China’s role in Nepal – A matter of concern
- Once considered a buffer state between India and China, Nepal is now showing an inclination towards Beijing.
- China is trying to stimulate and tempt Nepal with multiple aids, economic growth and acquisition.
- China has overtaken India as the largest source of foreign direct investment with the annual development assistance being worth $120 million.
Indo-Nepal Border Disputes
India and Nepal share about an 1800 Km long border. There are 2 major border or territorial disputes:
- The Kali River in the Kalapani region demarcates the border between India and Nepal.

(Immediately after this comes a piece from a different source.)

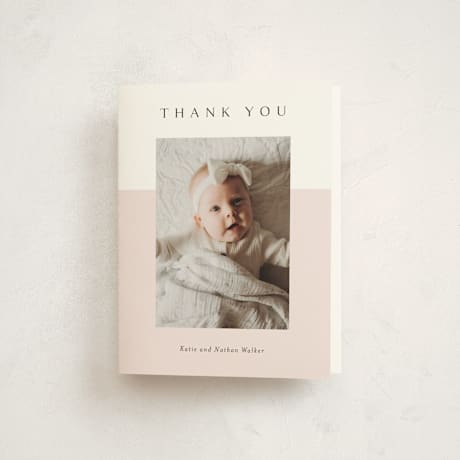 Birth Announcement Thank You Cards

- The Treaty of Sugauli signed by the Kingdom of Nepal and British India (after the Anglo-Nepalese War) in 1816 located the Kali River as Nepal’s western boundary with India.
- The discrepancy in locating the source of the Kali River led to boundary disputes between India and Nepal, with each country producing maps supporting their own claims.
(2) Susta Region
- It is about 140 sq. km of land in Uttar Pradesh at the Nepal border in the Terai area. India has control of the territory. Nepal claims this territory.

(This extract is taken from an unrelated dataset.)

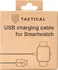 Příslušenství k chytrým hodinkám Tactical USB nabíjecí kabel pro Xiaomi Mi Band 5/6 magnetický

- The change of course by the Gandak River is the main reason for disputes in the Susta area.
Issue of Simultaneous floods in Bihar and Nepal
- Some of Nepal’s biggest river systems originate in the Himalayan glaciers which then flow into India through Bihar.

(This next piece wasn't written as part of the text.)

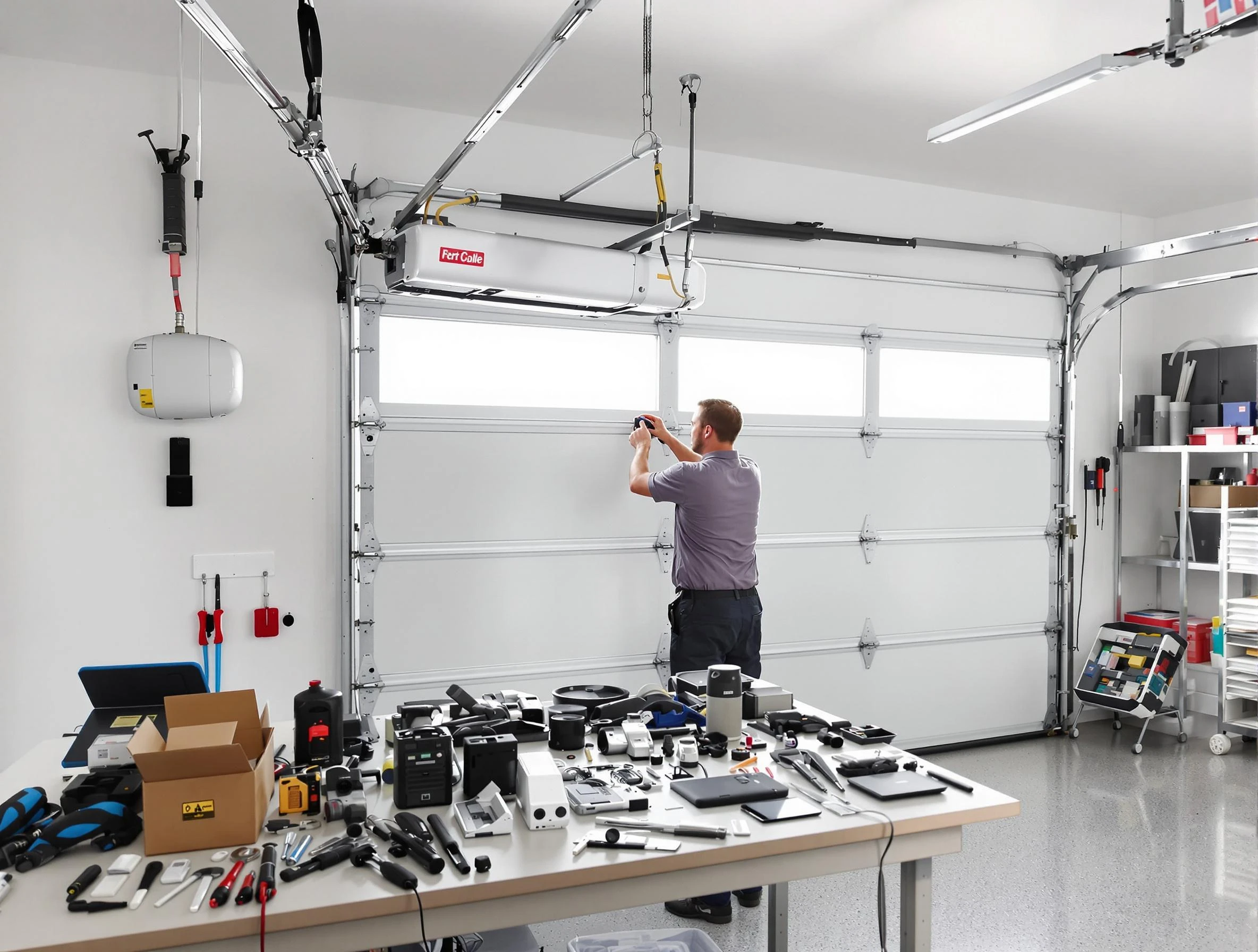 Garage Door Opener Repair in Eagle Mountain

- During the monsoons, these river systems flood causing many problems for Bihar.
- It is a necessity that there is process-driven coordination between the Centre and the Government of Bihar to handle the flooding in Nepal’s Terai and North Bihar (largely the Mithilanchal region).
Why Nepal is Important to India?
- Buffer to China: It acts as a strategic buffer against the aggression of China.
- Pakistan factor: peddling of FICN, drugs and terrorism through the Indo-Nepal border. It makes the cooperation of Nepal important.
- Common culture: There are huge Nepali communities in Darjeeling and Sikkim. Many marital relations across the border exist.
- National Security: There is a lot of interdependence. Gurkha Regiment in Indian Army is known for its valiance.
- Energy Security: Nepal has the potential of 80 GW of hydroelectricity. But only 600 MW potential is realized so far.
Major irritants in bilateral ties
- Nepali nationalism and Anti-India sentiments: Anti-India Sentiment in Nepal is largely politically motivated as it is wrongly perceived as India’s backing to Monarchy.
- China factor: Nepal’s assent for the ‘One Belt One Region’ (OBOR) initiative of China is viewed by India with suspicion. It has been slowly fallen prey to China’s inroad debt trap policy.
- India’s perception of Nepal: The reality is that India has ignored the changing political narrative in Nepal for far too long.
- Open borders: The issue of open borders has also been a point of debate in Nepal in recent years- Nepalese people argue that India is benefiting more from it than Nepal.
- Madhesis Issue: Madhesis share extensive cross-border ethnic and linguistic links with India. India upset that the final draft of the Constitution did not include the marginalization concerns of the Madhesi and the Tharu.
- Dialogues: In the best spirit of friendship, Nepal and India should restart the water dialogue and come up with policies to safeguard the interests of all those who have been affected on both sides of the border.
- Investments: TheBilateral Investment Promotion and Protection Agreement (BIPPA) signed between India and Nepal needs more attention from Nepal’s side.
- Sensitization: The onus is on India to rethink on a long-term basis how to recalibrate its relationship with Nepal provided Nepal should not ignore its relations with India.
- Strengthening Economic Ties: The power trade agreement needs to be such that India can build trust in Nepal.